I guess her using the 'square setting' and helping lead her crew, the Doctor and Donna out of a deathtrap doesn't count.
I don't consider getting out of a situation that only existed because you led a team of ill equipped and woefully ill prepared people into a situation that lead to their grisly death and imprisonment, in what is essentially the matrix, for eternity with the same group of people a success, no.
or tracking down a Weeping Angel right before it hijacked the ship. she didn't stop the thing, but she did call the Calvary
I think its worse given that shes done the same thing previously with people far better prepared with those ones, and they all died and had their corpses reanimated by aliens that would have died if they never went there in the first place.
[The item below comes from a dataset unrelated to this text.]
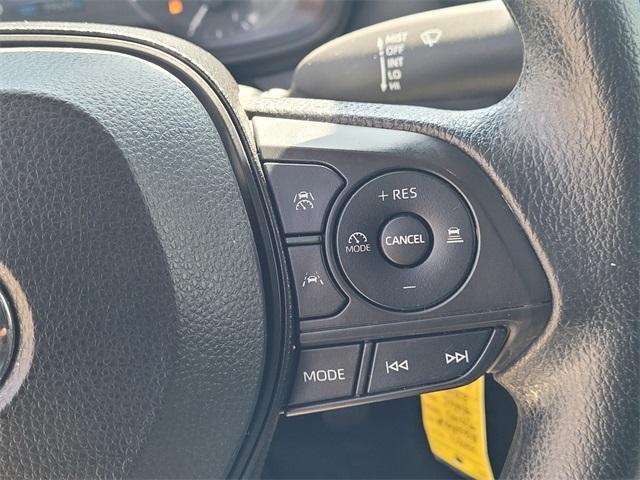 used 2023 Toyota Corolla car, priced at $20,058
That's two situations that would have been better off if she just left well enough alone, one of which was only in any way successfully resolved because a person she had no idea was going to be there turned up and fixed the problems she caused.
or sacrificing her life so that the Doctor would live on
I'm drawing a distinction between Melody and River at this stage because the characters in the show are, and I actually thought she was a good, if again, completely ineffectual bad guy.
Nor does her shooting up of the Silence
I'll admit, her spinning around in a circle wildly firing her gun may have had a higher chance of killing her enemies than her allies, and I had forgotten that. Its things like that though, and her delivering her 'awesome' one liner before blowing up a dalek, that just reek of the writers trying to make us like a character that they want us to like by making her so 'awesome' that we cant not like her. Doctor Who is about problems being resolved in an amusing and clever fashion. If I want to see them resolved by forced dialogue and shooting things, I'll by 24 on DVD.